El viernes por la tarde, las redes sociales se llenaron de pececitos. Peces de colores, peces de dibujos animados, peces bonitos y feúchos, pintados con mejor o peor tino, copiados de una web, fotografiados. Eran peces por Gabriel, el niño de Níjar al que quería encontrar España entera. Y como no todos podíamos irnos a peinar los montes cercanos al lugar de su desaparición, buscamos para él pescados de colores para decirle que le queríamos de vuelta cuanto antes.

Era una forma de sentir que estábamos haciendo algo, aunque fuese tan modesto como pintar un pez a rayas y ponerle un hashtag.
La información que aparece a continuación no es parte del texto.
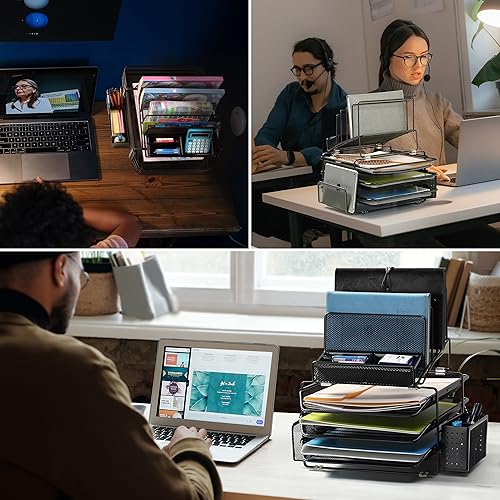 Miniatura 7 de DESIGNA Organizador de escritorio apilable de malla con 3 cajones deslizantes para bandejas, 4 soportes para archivos, sección clasificadora, 2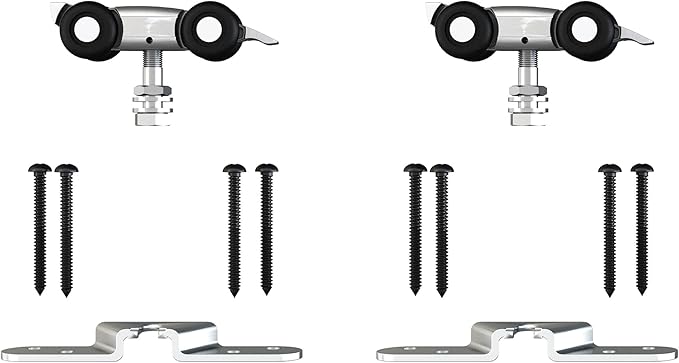 JUBEST 6FT Barn Door Hardware Kit, Aluminium Alloy Box Rail Hardware, Low Clearance Sliding Door Track for Classic Modern Interior Single Wooden Door,Black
No habían pasado ni dos días cuando la Guardia Civil, implacable e impecable como siempre en su labor de rastreo, encontraba el cuerpo sin vida de Gabriel en el maletero de un coche. La prudencia aconseja callar, de momento. Esperar un poco para sacar todas las conclusiones. Porque lo terrible es que Gabriel está muerto, y que quizá ya lo estaba mientras usted, y yo, y tanta gente desconocida, buscábamos en la web un pescadito lo más resultón posible, por si acaso Gabriel volvía a casa y su madre podía pasarse días enteros enseñándole que todos los españoles nos habíamos ido de pesca por él, un niño al que no conocíamos más allá de la foto que nos enseñaba el telediario.

No soy capaz de imaginar lo que hoy sienten los que querían a Gabriel, porque yo, que sólo sé de él que tenía ocho años y una sonrisa traviesa, estoy desolada. La muerte de un niño es algo que abarca todos los límites del dolor. Pero el saber que ha sido asesinado multiplica hasta el infinito el espanto y la pena.

Los niños son, con mucho, la eslabón más frágil de esa cadena que llamamos sociedad. Están mucho más indefensos que cualquier adulto, y sus recursos para enfrentarse al abuso son mínimos en comparación con los que tenemos los mayores. Y me pregunto si de verdad estamos preparados para proteger a los niños. Para escuchar sus llamadas de socorro. Para descifrar las señales de auxilio que, a veces tan débilmente, lanzan los niños que tienen problemas.

No sé si Gabriel era un niño completamente feliz o si, antes de ser asesinado, emitió alguna de esas señales que nadie supo entender, ni siquiera aquellos que le amaban profundamente y hoy tienen el alma partida en dos. Lo que sé es que hoy Gabriel está muerto, y que todo lo que yo pude hacer por él fue tuitear un pez de color rojo y decirle que esperaba su vuelta. Qué impotencia. Qué tristeza. Descansa en paz, Gabriel.